2. Description of Related Art
Once a dishwasher has completed a wash/rinse portion of a dish cleaning cycle, the user may be able to optionally select that the dishwasher actively dry the dishware before the dish cleaning cycle is completed. In this manner, the user may desire that the dishware be substantially dry prior to removal thereof from the dishwasher. In order to accomplish such active drying, the dishwasher may include a provision for air circulation within the tub portion, wherein the circulated air may be from within the tub portion, outside the tub portion, or a combination of both. In accomplishing such air circulation, some dishwasher may include a fan, which is normally off during the washing/rinsing portion of the dish cleaning cycle, in combination with a damper in communication between the interior of the tub portion and the exterior of the dishwasher. The damper is normally closed during the washing/rinsing portion of the dish cleaning cycle. Once the washing/rinsing portion of the dish cleaning cycle is completed (and the active drying option is selected), an actuator, such as a solenoid linked to the damper, is actuated to move the damper to an open position. With the damper in the open position, outside air may be allowed to enter the tub portion of the dishwasher. After the damper is opened (and/or detected to be in the open position), the fan is actuated to pull air through the open damper from outside the dishwasher and to circulate the air into the tub portion and about the dishware to facilitate drying of such dishware.

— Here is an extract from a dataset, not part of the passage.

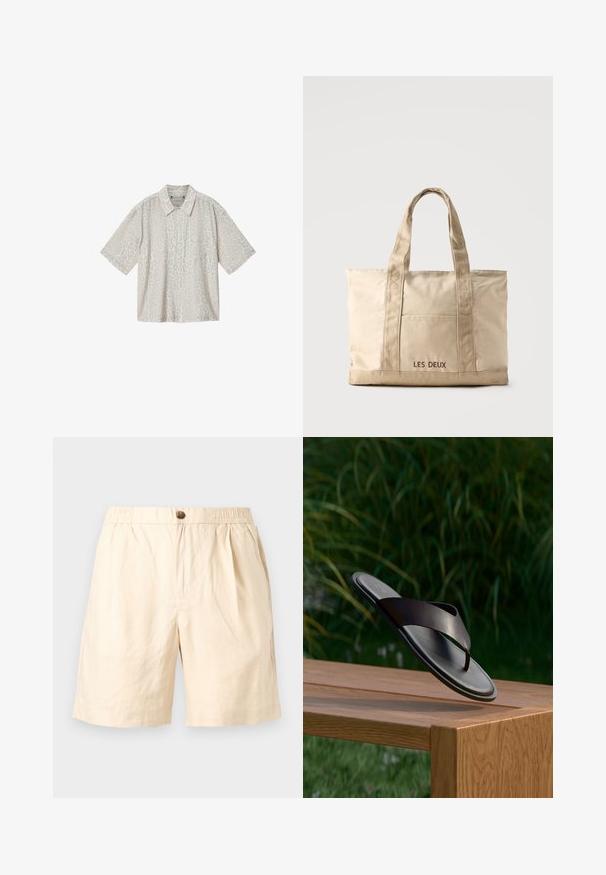 Overhemd met korte mouwen en knopen, lichtbeige en off-white luipaardprint met een borstzak.; Beige casual shorts met elastische tailleband, enkele knoopsluiting, zijzakken en een losse pasvorm, geschikt voor warm weer.; Zwarte leren teenslipper zwevend boven een houten bankje met groene bladeren op de wazige achtergrond.; Beige canvas tas met twee handvatten en een voorvak, "LES DEUX" geborduurd op het vak.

De-actuation of the actuator, following de-actuation of the fan, returns the damper to the normally-closed position.
However, in such a configuration, the solenoid (actuator) used to open the damper may, in some instances, experience or cause a power surge upon actuation by an electrical source. In some configurations, the electrical source may be a 12 volt electrical source, since a component (i.e., solenoid) having such a relatively lower voltage input may not require, for example, expensive safety verifications and/or certifications often involved with a component having a relatively higher voltage input (i.e., 120 VAC). One shortcoming with such a configuration, though, is that a power surge may sometimes be associated with the actuation of a 12 volt solenoid, wherein such a power surge may undesirably cause a transient that may be difficult to filter out of the low voltage electrical system. Another shortcoming may be that, since the solenoid may be required to remain actuated to, for example, keep the damper in the open position during the drying procedure, the continuously actuated solenoid (actuator) may undesirably consume excessive power. Yet another shortcoming may be that, since the solenoid may be configured to produce a magnetic field for moving a plunger, and since the generated magnetic field produced by an actuated solenoid may, in turn, cause a relatively rapid movement of the plunger, contact between the plunger and a mechanical stop for limiting travel of the actuated plunger, may undesirably cause significant or otherwise noticeable noise.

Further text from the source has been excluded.